Lunches don’t always need to be a sandwich and a piece of fruit or a packaged processed item (an added benefit for the environment in cutting down your plastic/packaging use). Most processed foods include preservatives or have had most of the nutrition processed out of whatever the whole food was (before I go down that rabbit hole – that’s a post for another day) and have added oils, sugar, etc, to make up for it in the taste.
Along with the items below, don’t underestimate the power of the leftover. A chicken leg and some roast veggies can also make a tasty lunch for your little ones. Follow these easy steps to easily build lunch for your child(ren) and also for yourself!
How to build a healthy lunch for your child:
Start with some fresh fruits and vegetables (carbohydrates) that your child enjoys: carrots, cucumber, perhaps a sliced apple or strawberries. Prepare these ahead of time, and include your child in the preparation process. Have them peel the carrots for you if they are too young to chop the vegetables. If they are too young for this, have them count or arrange the vegetables by color to involve them in the process of healthy eating. Store the cut vegetables in an airtight glass container in your refrigerator. You can find some here and here.
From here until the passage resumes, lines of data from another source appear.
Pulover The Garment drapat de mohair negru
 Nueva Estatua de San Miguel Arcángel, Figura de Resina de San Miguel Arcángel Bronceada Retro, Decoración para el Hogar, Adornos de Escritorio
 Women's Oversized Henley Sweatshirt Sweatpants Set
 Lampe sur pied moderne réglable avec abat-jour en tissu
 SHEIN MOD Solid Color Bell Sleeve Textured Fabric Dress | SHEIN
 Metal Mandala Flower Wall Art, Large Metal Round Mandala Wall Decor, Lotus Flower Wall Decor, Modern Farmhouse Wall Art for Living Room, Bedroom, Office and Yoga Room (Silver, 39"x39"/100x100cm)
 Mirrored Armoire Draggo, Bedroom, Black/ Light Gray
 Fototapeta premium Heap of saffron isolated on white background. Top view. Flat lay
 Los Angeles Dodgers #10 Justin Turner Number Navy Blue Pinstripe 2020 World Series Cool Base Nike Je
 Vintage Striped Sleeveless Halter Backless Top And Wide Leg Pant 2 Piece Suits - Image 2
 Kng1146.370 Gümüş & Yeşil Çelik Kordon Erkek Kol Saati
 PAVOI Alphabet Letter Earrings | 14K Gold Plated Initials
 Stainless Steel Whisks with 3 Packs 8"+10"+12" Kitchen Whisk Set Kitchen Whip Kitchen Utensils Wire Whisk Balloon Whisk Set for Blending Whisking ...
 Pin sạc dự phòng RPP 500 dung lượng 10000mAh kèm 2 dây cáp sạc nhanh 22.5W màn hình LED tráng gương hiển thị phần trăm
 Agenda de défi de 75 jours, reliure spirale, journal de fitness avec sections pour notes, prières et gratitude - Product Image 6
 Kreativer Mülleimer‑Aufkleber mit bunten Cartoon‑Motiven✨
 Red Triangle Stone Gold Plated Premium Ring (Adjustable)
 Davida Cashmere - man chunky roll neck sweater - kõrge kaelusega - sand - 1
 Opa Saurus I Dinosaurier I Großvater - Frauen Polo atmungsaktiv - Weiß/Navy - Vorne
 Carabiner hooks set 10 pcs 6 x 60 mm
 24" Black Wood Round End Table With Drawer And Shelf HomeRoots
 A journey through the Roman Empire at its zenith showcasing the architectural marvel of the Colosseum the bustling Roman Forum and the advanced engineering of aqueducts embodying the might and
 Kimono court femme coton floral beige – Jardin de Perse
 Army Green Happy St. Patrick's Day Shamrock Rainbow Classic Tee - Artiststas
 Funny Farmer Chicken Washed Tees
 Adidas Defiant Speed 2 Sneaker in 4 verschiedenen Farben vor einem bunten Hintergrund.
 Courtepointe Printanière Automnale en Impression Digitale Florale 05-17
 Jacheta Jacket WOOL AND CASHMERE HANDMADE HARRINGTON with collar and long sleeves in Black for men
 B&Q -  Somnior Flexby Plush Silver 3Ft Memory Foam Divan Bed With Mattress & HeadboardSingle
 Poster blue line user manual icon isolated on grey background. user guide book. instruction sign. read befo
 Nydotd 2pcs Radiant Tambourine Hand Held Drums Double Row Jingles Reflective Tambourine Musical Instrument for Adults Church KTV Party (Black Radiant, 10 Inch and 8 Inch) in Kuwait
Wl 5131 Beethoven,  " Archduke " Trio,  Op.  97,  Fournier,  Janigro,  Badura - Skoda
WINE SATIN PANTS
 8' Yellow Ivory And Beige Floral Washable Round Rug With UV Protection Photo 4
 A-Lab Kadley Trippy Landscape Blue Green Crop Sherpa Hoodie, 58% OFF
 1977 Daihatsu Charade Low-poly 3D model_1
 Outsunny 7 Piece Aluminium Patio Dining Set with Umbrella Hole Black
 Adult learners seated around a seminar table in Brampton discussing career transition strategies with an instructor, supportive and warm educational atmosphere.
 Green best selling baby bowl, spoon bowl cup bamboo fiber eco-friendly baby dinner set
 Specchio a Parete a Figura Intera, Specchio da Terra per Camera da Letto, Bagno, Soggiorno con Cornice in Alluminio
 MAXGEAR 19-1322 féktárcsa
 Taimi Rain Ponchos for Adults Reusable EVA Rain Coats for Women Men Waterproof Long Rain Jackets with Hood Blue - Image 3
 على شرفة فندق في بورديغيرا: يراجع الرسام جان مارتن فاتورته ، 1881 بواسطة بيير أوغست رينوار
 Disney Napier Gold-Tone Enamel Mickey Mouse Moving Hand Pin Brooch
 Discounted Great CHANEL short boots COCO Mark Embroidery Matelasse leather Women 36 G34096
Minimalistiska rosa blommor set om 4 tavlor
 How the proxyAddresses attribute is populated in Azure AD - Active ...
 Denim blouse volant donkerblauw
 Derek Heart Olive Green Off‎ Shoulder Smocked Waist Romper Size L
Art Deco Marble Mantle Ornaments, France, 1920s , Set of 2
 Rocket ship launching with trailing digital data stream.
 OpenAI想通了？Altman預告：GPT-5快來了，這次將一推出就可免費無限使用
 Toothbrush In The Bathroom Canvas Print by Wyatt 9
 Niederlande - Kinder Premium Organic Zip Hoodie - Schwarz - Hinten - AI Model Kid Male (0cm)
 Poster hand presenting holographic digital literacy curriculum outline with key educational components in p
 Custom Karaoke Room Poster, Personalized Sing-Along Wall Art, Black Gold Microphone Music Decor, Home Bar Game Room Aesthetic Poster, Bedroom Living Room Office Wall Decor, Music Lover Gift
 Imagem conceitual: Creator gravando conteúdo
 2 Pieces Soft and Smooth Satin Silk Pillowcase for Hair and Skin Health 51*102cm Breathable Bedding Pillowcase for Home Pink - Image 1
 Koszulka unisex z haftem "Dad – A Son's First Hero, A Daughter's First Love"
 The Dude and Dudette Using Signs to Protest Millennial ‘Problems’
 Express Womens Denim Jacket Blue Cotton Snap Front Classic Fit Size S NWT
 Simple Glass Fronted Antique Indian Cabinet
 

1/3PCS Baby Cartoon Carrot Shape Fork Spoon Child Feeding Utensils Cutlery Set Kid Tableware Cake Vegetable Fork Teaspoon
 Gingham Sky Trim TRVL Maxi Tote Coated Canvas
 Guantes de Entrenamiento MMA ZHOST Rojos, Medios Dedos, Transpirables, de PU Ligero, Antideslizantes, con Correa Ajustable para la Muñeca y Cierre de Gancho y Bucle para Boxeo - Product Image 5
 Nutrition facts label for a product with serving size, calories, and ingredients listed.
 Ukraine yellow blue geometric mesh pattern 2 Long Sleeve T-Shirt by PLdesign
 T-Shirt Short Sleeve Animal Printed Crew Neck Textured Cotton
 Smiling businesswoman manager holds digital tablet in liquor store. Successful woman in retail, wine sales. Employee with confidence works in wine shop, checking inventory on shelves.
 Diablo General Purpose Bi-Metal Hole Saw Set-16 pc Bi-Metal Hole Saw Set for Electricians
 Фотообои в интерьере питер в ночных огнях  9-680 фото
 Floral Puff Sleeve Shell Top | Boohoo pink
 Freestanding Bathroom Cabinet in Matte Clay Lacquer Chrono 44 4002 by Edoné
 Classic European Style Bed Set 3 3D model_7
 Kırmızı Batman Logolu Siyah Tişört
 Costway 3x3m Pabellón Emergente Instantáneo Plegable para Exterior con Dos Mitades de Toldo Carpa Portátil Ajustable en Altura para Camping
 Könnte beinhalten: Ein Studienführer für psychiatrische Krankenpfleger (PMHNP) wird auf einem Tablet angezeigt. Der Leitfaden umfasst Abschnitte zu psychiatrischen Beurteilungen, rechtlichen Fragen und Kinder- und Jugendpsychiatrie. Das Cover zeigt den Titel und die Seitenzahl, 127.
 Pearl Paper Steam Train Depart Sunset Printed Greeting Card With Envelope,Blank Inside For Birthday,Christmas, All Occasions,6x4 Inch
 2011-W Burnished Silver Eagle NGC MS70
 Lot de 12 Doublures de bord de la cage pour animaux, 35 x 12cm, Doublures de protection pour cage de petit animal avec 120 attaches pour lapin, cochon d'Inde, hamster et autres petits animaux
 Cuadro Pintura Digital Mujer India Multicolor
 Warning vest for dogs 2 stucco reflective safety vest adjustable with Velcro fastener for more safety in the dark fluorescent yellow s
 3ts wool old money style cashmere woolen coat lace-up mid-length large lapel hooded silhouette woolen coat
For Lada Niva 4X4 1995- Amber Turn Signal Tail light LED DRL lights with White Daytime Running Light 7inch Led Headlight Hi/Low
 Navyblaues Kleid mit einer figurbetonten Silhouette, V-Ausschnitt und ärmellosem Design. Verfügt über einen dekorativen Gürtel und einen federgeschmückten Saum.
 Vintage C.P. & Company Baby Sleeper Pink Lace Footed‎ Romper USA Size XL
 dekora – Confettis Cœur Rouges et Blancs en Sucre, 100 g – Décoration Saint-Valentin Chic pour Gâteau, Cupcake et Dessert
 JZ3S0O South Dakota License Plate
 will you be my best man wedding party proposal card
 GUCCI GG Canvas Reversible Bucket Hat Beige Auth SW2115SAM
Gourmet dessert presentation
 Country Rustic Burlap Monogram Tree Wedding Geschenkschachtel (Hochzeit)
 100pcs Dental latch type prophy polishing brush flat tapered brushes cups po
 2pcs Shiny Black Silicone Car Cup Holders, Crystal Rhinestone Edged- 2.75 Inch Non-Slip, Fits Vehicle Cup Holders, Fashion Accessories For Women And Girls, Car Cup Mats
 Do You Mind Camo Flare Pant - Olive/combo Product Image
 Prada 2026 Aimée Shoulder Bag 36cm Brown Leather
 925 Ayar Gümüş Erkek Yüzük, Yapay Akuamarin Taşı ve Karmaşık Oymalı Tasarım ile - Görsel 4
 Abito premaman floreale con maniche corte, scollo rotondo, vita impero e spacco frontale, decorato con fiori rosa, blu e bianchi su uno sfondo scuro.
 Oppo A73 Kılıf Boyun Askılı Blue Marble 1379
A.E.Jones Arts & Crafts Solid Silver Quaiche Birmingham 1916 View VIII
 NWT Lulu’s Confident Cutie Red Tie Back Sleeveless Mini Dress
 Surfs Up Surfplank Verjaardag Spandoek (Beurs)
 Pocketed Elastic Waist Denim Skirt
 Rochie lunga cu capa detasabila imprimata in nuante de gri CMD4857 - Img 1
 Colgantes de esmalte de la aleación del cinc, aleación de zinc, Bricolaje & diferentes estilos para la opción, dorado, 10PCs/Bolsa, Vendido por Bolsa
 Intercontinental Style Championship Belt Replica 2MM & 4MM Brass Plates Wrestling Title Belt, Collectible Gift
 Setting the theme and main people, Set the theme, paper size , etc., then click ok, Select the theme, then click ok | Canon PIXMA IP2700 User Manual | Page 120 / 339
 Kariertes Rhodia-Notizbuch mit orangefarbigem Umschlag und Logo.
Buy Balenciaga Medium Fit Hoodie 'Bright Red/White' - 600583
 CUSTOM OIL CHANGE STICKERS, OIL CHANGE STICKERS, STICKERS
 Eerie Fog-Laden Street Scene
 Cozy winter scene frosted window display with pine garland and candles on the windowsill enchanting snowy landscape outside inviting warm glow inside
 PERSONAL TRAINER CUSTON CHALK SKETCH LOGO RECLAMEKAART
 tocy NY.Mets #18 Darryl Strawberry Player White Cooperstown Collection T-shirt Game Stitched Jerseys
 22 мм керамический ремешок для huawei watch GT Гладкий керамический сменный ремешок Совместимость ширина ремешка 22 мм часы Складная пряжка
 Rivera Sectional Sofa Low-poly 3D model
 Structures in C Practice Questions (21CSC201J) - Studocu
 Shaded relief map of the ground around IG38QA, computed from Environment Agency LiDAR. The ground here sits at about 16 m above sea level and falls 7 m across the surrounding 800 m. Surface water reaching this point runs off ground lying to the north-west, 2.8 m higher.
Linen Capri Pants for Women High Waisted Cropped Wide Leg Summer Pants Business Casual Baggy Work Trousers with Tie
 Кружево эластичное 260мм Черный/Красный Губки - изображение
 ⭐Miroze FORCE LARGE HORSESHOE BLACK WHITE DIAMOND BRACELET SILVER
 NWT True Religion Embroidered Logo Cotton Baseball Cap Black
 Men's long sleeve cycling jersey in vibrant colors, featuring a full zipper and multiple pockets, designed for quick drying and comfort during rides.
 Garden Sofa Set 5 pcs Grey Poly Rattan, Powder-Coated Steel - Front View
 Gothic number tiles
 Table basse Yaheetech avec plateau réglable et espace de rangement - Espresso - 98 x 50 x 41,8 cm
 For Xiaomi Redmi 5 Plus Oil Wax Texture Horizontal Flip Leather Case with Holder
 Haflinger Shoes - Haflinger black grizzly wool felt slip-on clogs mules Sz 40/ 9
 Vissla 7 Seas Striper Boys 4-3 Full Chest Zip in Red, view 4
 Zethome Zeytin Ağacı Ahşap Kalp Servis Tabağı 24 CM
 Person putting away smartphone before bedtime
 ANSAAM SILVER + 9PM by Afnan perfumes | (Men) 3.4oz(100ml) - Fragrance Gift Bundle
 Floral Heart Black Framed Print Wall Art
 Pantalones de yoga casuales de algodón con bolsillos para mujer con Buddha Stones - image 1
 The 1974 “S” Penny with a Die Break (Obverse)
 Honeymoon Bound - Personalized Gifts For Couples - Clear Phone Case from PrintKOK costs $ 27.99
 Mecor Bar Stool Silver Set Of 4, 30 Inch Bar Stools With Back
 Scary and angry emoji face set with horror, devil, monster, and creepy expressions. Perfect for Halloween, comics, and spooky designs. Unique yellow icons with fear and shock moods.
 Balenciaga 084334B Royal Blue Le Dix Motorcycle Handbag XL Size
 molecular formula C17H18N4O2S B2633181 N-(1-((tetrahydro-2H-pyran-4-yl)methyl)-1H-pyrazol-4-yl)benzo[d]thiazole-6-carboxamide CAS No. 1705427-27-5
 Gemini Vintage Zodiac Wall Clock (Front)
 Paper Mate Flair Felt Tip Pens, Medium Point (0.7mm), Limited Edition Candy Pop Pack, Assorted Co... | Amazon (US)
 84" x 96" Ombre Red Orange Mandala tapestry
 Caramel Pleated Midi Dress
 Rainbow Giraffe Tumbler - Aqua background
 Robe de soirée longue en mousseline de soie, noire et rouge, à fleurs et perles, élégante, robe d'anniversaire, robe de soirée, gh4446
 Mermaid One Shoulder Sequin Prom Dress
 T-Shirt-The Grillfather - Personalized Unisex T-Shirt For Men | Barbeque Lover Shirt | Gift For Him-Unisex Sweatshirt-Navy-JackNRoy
Add a protein like some cubed chicken from the roast chicken you made over the weekend or a hardboiled egg. Then add a healthy fat – a few tablespoons of hummus or a nut butter to dip the veggies in. Olives are another tasty way to add healthy fats to your child’s lunchtime routine.
Having some glass or stainless steel lunch containers to make it easy to partition foods is a good idea. Ikea has some durable glass containers in different sizes.
Create your child’s healthy lunch by choosing a few items from each section. It’s a good idea to consult the EWG (environmental working group) list of the clean fifteen and the dirty dozen to ensure you avoid potential pesticides and buy organic when necessary. Remember to always wash your fruit and vegetables before consuming them.
Carbohydrates:
Oranges
Mandarines
Apples
Strawberries
Grapes
Blueberries
Raspberries
Natural applesauce
Carrots
Cucumbers
Grape tomatoes
Celery stalks
Snap peas
Watermelon, cubed or sliced
Roasted vegetables (your child’s favorite), cut into cubes for easy eating
Sweet potatoes
Zucchini
Broccoli
Pumpkin
Beets
Proteins:
Hard-boiled eggs
Chicken that has been cubed or shredded
Lamb meatballs (or beef or pork)
Salmon cakes with squash or zucchini
Cheese (cheddar, feta, etc) that is cubed
Plain yogurt with frozen fruit added in a small container (flavored yogurt has added sugar)
Quinoa
Rice and beans
Tuna salad
Salami roll ups with parmesan cheese cubes
Tuna salad with greek yogurt dill and pickles
Healthy Fats:
Hummus
Nut butters: sunflower seed butter, almond butter, cashew butter. Always check the ingredients (look for no added sugar)
Guacamole
Homemade nut and dried fruit mix Pick from raw almonds, hazelnuts, almonds with dried cherries (no added sugar), raisins, coconut chips tossed together in a bag or glass jar.